I wanted to start with the historic little train station of Bo'ness, where the dramatic farewell scene between Claire and Frank had been filmed, when she left for her World War duty as a nurse. This station was built by some private operators who bought parts of historic steam train from almost everywhere, e.g. from Edinburgh Haymarket was the station hall, other parts from Leith, Bathgate, Falkirk etc. We were content with a few photos from different angles, it started to rain again.
Next, Blackness Castle was on our list, which had stood for Fort William, at least the inside of it. Rain was pouring, so I was glad we found a parking right close to the stairs to the outbuilding where they sell tickets. When I got tickets with our Explorer Pass and Karin got a coffee, we were warned to be especially careful on that day, it was slippery. Since I already knew the inner courtyard, a mixture of open, unhewn rock and uneven stone slabs, I promised this fom my heart and decided to take very good care of Karin, she shouldn't fall again, but I wanted to give her this particular experience.

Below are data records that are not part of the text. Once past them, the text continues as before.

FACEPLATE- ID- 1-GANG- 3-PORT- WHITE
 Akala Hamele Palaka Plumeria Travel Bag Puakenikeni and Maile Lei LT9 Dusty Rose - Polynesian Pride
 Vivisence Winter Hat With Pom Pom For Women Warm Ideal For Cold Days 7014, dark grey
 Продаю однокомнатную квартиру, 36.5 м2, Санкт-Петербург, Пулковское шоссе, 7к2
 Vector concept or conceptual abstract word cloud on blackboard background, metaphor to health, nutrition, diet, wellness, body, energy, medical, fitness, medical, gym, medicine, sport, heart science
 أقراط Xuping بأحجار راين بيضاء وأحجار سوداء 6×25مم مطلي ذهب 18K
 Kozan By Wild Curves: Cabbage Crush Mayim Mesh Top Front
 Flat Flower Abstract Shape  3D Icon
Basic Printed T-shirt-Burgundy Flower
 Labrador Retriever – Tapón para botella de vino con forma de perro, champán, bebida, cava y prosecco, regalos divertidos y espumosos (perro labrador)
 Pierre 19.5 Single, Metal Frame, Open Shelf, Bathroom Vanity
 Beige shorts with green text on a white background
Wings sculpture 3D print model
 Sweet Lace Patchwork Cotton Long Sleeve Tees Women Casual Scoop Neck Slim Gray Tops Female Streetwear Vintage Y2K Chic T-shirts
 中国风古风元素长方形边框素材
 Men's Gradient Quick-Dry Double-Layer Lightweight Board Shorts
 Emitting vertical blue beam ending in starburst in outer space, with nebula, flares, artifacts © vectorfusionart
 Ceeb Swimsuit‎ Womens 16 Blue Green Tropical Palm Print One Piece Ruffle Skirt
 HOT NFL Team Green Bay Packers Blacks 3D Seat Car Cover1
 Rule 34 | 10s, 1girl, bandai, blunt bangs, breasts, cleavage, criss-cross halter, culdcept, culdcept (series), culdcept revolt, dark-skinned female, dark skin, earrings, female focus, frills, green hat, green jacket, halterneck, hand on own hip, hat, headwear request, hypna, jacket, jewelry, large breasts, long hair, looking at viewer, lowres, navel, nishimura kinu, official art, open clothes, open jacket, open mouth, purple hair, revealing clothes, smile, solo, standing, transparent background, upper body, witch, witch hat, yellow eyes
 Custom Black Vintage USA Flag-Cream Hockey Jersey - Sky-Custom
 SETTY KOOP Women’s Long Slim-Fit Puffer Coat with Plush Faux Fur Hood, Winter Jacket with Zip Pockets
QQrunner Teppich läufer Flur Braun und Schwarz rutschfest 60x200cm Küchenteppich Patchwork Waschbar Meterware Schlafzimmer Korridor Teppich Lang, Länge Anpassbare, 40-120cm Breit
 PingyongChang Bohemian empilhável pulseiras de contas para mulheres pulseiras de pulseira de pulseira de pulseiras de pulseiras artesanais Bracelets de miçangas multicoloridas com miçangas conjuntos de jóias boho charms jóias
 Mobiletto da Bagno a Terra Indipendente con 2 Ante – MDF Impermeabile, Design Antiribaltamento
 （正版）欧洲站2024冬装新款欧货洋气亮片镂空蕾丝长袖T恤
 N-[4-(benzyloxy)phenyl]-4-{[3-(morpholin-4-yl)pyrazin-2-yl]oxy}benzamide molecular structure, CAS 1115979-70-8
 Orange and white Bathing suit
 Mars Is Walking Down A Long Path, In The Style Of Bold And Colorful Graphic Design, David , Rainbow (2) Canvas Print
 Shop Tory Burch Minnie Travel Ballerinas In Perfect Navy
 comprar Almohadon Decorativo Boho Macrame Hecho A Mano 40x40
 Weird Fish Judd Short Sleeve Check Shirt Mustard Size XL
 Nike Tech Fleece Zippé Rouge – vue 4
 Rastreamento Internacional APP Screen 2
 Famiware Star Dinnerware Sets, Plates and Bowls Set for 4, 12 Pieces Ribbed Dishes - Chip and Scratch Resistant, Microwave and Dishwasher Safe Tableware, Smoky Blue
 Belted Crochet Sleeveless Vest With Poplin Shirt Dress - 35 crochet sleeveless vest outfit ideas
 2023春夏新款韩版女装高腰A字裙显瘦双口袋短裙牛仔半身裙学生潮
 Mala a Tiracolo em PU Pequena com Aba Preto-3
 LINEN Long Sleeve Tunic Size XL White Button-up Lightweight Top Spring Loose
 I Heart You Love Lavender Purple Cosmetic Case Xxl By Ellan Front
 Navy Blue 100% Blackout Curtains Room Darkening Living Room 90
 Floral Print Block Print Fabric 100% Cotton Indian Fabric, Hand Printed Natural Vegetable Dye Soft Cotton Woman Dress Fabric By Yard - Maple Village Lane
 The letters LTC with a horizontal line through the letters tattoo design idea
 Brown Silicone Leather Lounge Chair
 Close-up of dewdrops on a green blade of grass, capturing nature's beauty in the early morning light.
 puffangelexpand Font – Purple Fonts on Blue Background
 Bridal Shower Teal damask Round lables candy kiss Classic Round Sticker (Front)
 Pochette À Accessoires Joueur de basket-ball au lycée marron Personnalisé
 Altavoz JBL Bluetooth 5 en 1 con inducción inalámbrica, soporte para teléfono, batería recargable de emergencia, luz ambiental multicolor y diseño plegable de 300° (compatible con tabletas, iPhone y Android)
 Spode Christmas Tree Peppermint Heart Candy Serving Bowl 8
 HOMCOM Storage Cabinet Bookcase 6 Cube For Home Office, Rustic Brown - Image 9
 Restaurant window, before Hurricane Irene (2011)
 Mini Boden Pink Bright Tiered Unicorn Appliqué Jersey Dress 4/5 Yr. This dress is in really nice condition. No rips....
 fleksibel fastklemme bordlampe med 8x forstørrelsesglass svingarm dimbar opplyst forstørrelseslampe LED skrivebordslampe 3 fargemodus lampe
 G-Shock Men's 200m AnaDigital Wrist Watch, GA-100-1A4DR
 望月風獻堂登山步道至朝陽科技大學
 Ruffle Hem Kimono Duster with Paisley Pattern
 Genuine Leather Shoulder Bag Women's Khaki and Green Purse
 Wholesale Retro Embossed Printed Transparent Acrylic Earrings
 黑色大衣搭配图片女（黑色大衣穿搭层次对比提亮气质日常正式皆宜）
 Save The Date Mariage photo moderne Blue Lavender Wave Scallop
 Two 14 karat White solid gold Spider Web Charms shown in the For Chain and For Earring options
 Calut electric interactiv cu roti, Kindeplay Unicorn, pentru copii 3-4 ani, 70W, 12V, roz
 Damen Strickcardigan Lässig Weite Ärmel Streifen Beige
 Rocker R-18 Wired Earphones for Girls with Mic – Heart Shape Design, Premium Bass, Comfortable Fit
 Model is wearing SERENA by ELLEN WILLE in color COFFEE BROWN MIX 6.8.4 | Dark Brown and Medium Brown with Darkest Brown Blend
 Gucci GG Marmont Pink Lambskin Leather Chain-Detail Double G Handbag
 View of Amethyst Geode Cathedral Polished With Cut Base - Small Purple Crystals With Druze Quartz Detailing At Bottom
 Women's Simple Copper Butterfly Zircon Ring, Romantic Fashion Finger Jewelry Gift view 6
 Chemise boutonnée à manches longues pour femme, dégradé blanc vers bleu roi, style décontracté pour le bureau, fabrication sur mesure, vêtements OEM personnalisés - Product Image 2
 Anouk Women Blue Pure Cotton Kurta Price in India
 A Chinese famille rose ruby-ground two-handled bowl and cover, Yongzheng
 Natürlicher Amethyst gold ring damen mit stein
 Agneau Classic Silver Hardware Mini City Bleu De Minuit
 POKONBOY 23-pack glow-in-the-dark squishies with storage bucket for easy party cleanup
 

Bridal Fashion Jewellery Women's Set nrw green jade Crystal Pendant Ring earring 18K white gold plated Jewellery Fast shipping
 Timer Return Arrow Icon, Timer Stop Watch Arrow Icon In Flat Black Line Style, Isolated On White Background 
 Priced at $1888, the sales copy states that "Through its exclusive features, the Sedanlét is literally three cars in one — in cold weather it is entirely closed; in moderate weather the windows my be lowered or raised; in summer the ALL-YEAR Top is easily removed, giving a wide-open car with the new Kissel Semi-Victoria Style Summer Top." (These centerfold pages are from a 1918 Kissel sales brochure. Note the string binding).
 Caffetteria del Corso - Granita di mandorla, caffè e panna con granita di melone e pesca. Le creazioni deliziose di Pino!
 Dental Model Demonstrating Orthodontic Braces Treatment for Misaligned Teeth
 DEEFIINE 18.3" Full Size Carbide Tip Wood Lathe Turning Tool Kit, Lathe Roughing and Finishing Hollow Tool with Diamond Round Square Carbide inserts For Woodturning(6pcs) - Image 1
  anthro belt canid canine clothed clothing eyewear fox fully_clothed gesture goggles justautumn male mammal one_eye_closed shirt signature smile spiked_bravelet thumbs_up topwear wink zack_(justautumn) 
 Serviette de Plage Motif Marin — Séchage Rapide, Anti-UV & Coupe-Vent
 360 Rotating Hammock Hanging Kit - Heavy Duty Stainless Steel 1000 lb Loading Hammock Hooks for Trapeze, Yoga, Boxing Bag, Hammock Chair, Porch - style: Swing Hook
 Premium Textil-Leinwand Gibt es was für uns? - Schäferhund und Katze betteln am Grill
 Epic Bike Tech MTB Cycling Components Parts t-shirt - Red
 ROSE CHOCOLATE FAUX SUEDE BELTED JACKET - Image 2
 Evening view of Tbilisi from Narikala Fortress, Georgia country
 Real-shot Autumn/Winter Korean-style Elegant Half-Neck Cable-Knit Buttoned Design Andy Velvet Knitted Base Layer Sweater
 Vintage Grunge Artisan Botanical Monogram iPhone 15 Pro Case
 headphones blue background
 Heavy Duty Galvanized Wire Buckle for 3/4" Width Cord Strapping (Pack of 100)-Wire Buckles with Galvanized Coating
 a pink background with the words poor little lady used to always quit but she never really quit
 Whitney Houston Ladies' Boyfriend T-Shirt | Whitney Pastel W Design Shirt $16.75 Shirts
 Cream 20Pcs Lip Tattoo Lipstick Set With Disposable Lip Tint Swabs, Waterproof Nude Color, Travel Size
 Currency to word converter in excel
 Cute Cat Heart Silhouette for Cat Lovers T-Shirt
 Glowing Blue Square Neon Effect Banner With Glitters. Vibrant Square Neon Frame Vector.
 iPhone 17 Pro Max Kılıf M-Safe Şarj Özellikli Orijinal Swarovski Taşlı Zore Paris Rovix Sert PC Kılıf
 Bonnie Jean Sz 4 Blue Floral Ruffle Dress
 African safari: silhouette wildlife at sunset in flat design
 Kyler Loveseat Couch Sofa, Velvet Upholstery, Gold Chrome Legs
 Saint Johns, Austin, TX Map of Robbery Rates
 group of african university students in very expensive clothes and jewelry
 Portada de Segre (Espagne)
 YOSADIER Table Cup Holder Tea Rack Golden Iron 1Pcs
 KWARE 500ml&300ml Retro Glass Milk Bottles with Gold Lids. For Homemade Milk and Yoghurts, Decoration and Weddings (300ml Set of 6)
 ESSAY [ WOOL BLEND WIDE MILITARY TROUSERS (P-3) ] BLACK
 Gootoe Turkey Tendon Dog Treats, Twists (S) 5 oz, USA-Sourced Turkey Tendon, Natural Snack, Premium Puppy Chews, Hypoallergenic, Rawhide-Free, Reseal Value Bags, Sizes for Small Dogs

Right in the entrance area, I could show them why this castle had never been conquered, the entrance had several narrow turns, there was no possibility where attackers could have used a battering ram. This had the consequence that also the film team had to transport all larger equipment with a big crane over the highg walls. Right behind the first door was the place where Murtagh and Jamie threatened the English soldier to find out Claire's exact whereabouts. The castle, built in the 15th century directly on the shores of the Firth of Forth, served as a vanguard and protection for Linlithgow, the royal residence a few miles to the inland. In World War ii, it served as a military prison. In the back part of the courtyard, you can easily imagine the place where the platform was built and Jamie was whipped. Roger and Brianna walked across the courtyard just like we did, but we were much more careful. On the pics, you can see how rocky the courtyard is. Conny climbed over the rocks and the stairs into the main house, I stayed with Karin at the pier, where we had a free view over water at low tide and of the many boats in the mud.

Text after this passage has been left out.